▶ _INSTRUCTIONS TO FOLLOW_
Leave out the pictures and restate exactly, and only, the lines from the one that contains "Hotel Nimat Villa Marianna" through the final line of the material below.
+++ INPUT DATA
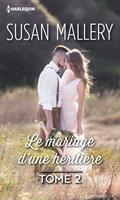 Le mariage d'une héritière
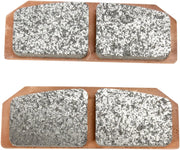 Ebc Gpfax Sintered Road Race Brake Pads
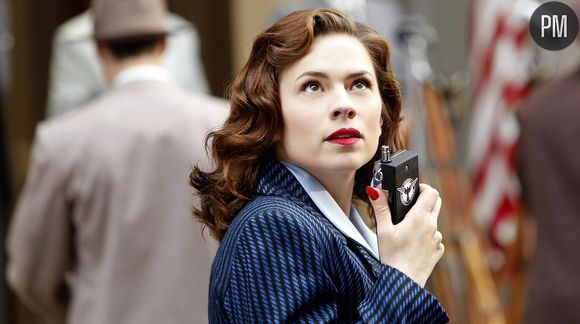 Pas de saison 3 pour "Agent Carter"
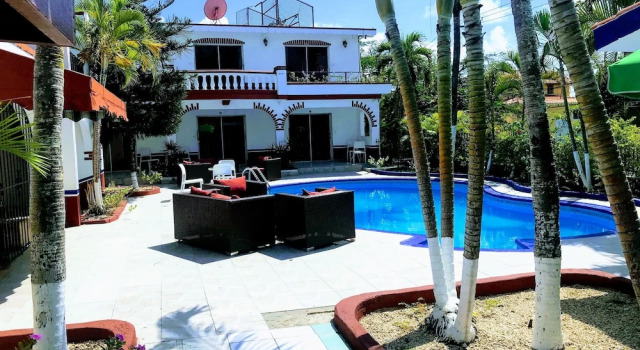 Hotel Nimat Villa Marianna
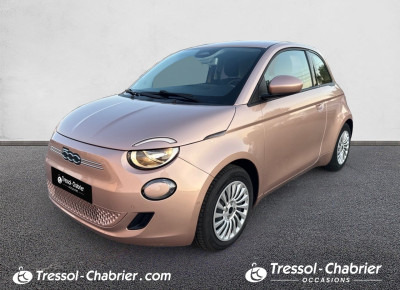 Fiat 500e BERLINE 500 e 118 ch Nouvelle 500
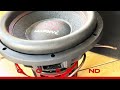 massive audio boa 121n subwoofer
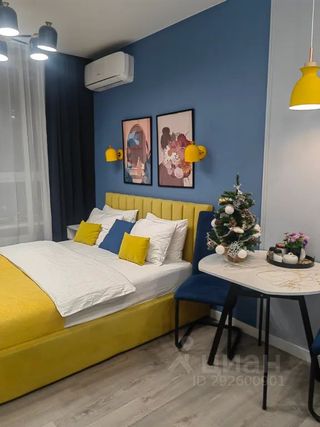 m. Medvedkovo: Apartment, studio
++++++
▶ _ANSWER TO THE PROBLEM_
 Hotel Nimat Villa Marianna
 Fiat 500e BERLINE 500 e 118 ch Nouvelle 500
 massive audio boa 121n subwoofer
 m. Medvedkovo: Apartment, studio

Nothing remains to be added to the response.